AWS Outage – Ground-Hog Day Meets Murphy’s Law; You Guys Should Get A Room!

AWS Outage

So, here we go again – I’ve said it once, so I’ll say it again. It gives me no pleasure to write another blog post about AWS suffering another outage in their West Virginia Zone. This because of a couple of reasons: First, the publicity – industry analysts and commentators are divided into two camps, some taking the view that AWS is slightly unfit for the purpose (Barb Darrow from Gigaom: “Cloud outage raises more questions about Amazon Cloud” ) and others taking the more pragmatic view that Instagram, Netflix, etc. (AWS customers) could have been more proactive in protecting themselves against their host going offline (Ingrid Lunden from TechCrunch: “Could Instagram and other sites avoid going down with Amazons Ship”)

The twitter feed kicked in on Saturday morning after the outage on Friday night, and when I saw the first few tweets coming in, I thought it was just people catching up and re-posting regarding the previous AWS issue only two weeks before.

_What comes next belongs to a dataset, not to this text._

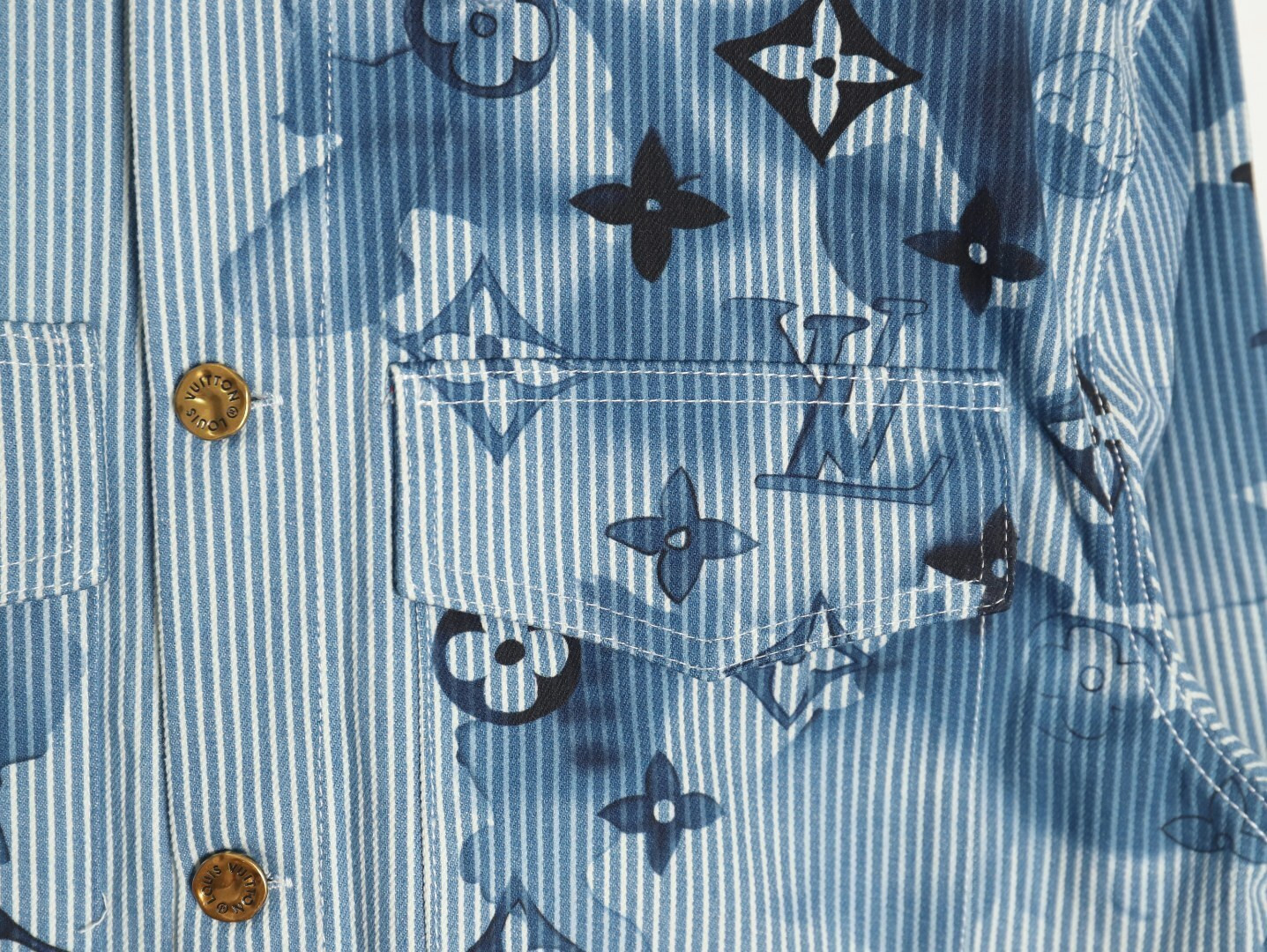D*or shirts coats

But no; it was groundhog day all over again – storm hits; power cut; generators didn’t work; elastic cloud falls over; sites go down!

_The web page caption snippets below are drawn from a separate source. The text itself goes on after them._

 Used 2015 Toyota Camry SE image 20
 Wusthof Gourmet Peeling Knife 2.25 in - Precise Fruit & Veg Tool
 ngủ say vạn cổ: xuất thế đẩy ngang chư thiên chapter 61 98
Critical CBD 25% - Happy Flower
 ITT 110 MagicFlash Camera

Checking the hash tags for #Netflix, #Instagram, #AWS and #AWSoutage, I saw all the expected reactions – AWS customers posting stuff like this:

Nearly 28,000 re-tweets, and similar for NetFlix, Pinterest, and Heroku.

The publicity for all of these companies is clearly not good – consumers don’t care or even know what a “host” is. Unless you work in IT, why would you care or want to know? To a consumer, the service they either pay for (Netflix) or use on an hourly basis (Instagram) just doesn’t work, and that type of damage is difficult to undo.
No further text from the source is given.